It maps the path and id based CS3 references to an appropriate storage system specific reference, e.g.:

  • eos file ids
  • posix inodes or paths
  • deconstructed filesystem nodes

Proposed Change iOS clients can only queue single requests to be executed in the background. The queue an upload and need to be able to identify the uploaded file after it has been uploaded to the server. The disconnected nature of the connection might cause workflows or manual user interaction with the file on the server to move the file to a different place or changing the content while the device is offline. However, on the device users might have marked the file as favorite or added it to other iOS specific collections. To be able to reliably identify the file the client can generate a uuid and attach it to the file metadata during the upload.
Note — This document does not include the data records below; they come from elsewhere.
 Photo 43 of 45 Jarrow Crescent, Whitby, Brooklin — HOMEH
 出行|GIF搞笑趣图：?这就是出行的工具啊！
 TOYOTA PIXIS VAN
While it is not necessary to look up files by this uuid having a second file id that serves exactly the same purpose as the file id is redundant.
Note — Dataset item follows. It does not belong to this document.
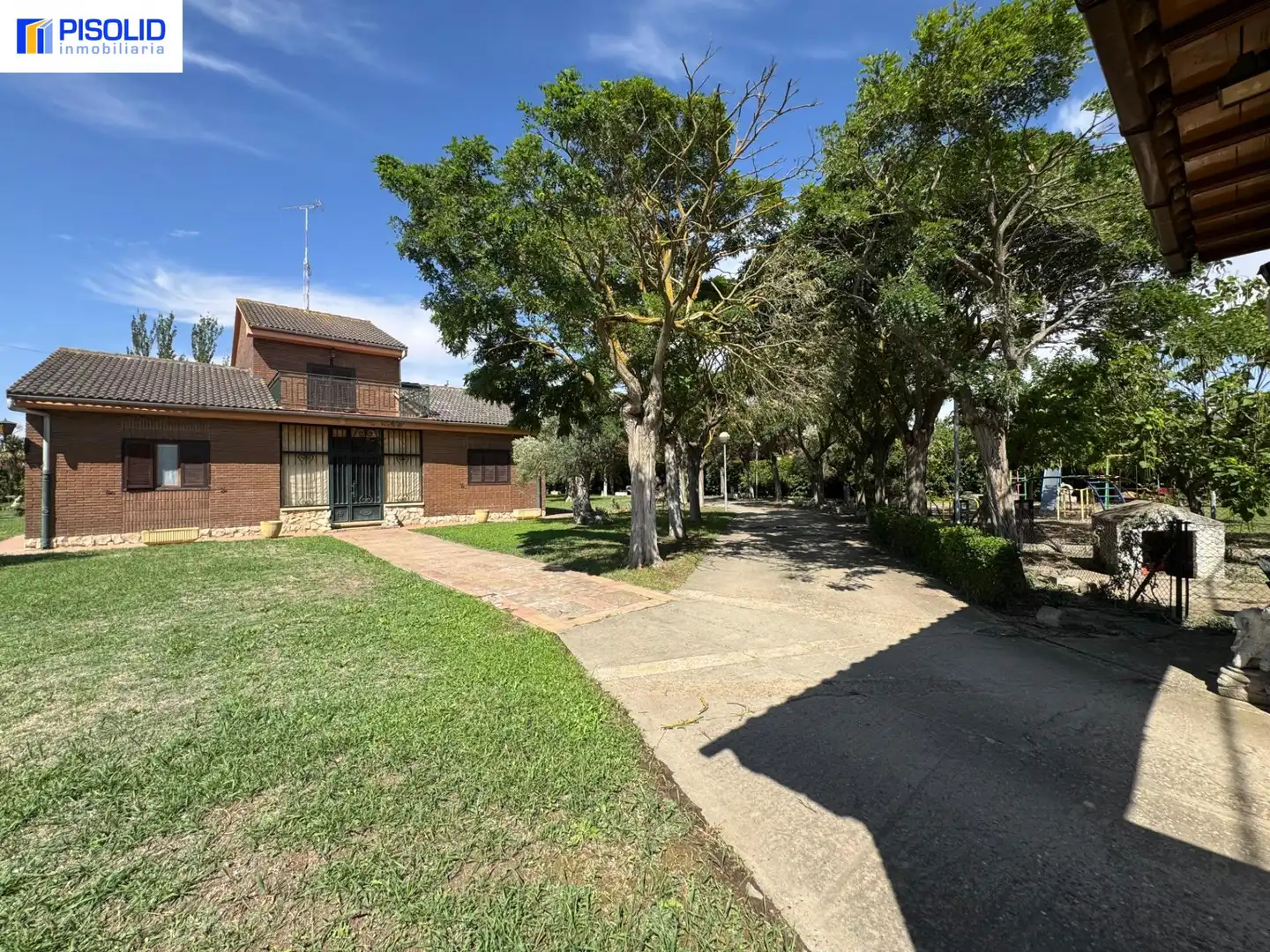 Vista exterior de Finca rústica en venda en Corcos amb Calefacció i Piscina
Another aspect for the file id / uuid is that it must be a logical identifier that can be set, at least by internal systems. Without a writeable fileid we cannot restore backups or migrate storage spaces from one storage provider to another storage provider.

Technically, this means that every storage driver needs to have a map of a uuid to in internal resource identifier. This internal resource identifier can be

  • an eos fileid, because eos can look up files by id
  • an inode if the filesystem and the storage driver support looking up by inode
  • a path if the storage driver has no way of looking up files by id.
    • In this case other mechanisms like inotify, kernel audit or a fuse overlay might be used to keep the paths up to date.
    • to prevent excessive writes when deep folders are renamed a reverse map might be used: it will map the uuid to <parentuuid>:<childname>, allowing to trade writes for reads

Storage Providers

Technical concepts

Storage Systems

A storage provider manages multiple storage spaces by accessing a storage system with a storage driver.

Storage Space Registries

A storage spaces registry manages the namespace for a user

Storage Spaces

A storage space is a logical concept: It is a tree of resourcesresources with a single owner (user or group), a quota and permissions, identified by a storage space id.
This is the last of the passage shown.